[Opening DATA BLOCK section]

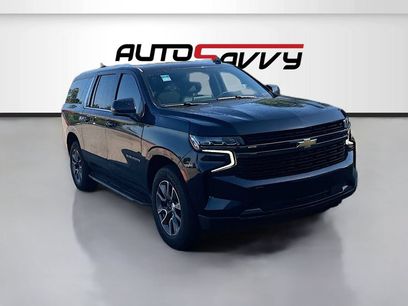 Used 2023 Chevrolet Suburban LT w/ Luxury Package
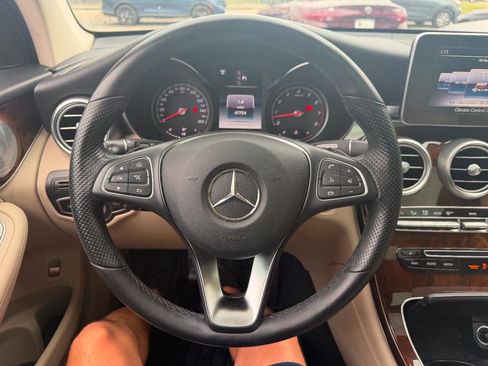 Used 2019 Mercedes-Benz GLC 300 4MATIC image 31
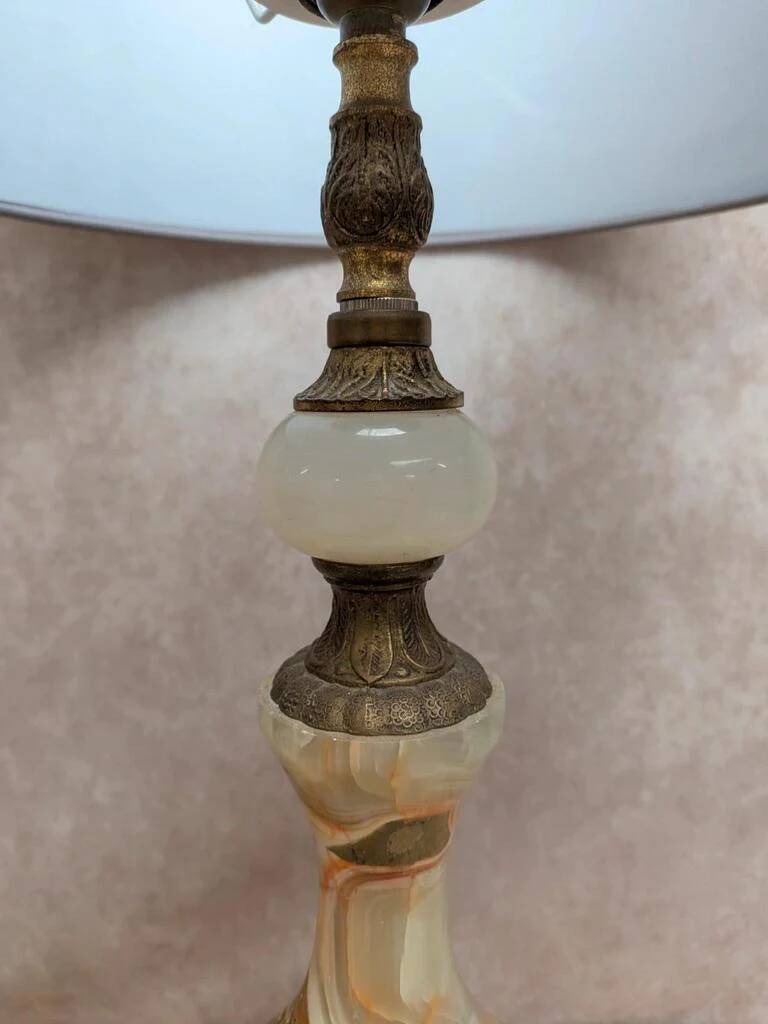 Vintage lamp base in onyx and brass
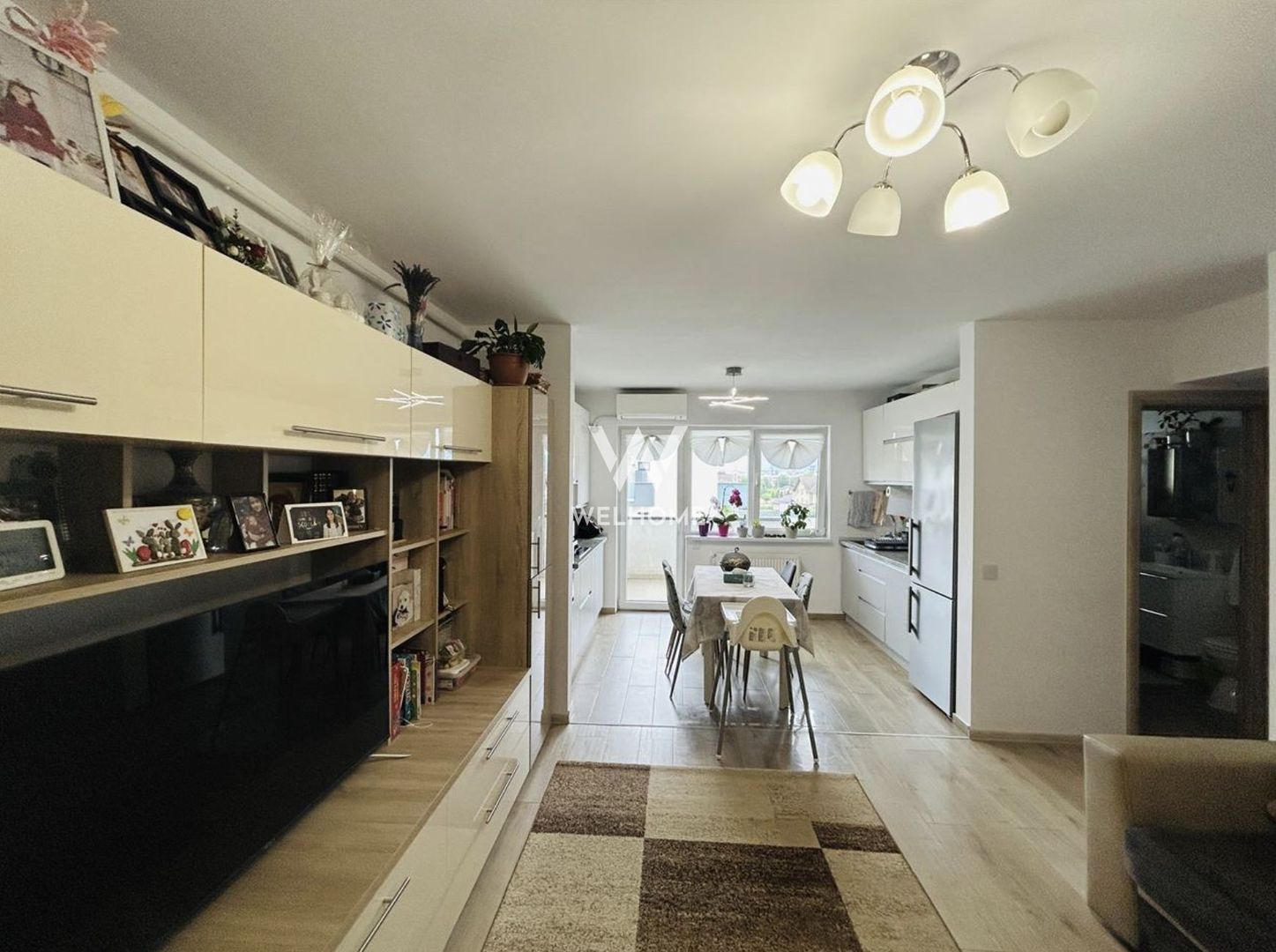 Apartament 3 camere, etaj intermediar, mobilat, 2 bai, 2 balcoane - Poză 7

[Closing DATA BLOCK section]

**YOUR INSTRUCTIONS**
Set down the material exactly as given, but print none of the pictures.

**ANSWER SECTION**
 Used 2023 Chevrolet Suburban LT w/ Luxury Package
 Used 2019 Mercedes-Benz GLC 300 4MATIC image 31
 Vintage lamp base in onyx and brass
 Apartament 3 camere, etaj intermediar, mobilat, 2 bai, 2 balcoane - Poză 7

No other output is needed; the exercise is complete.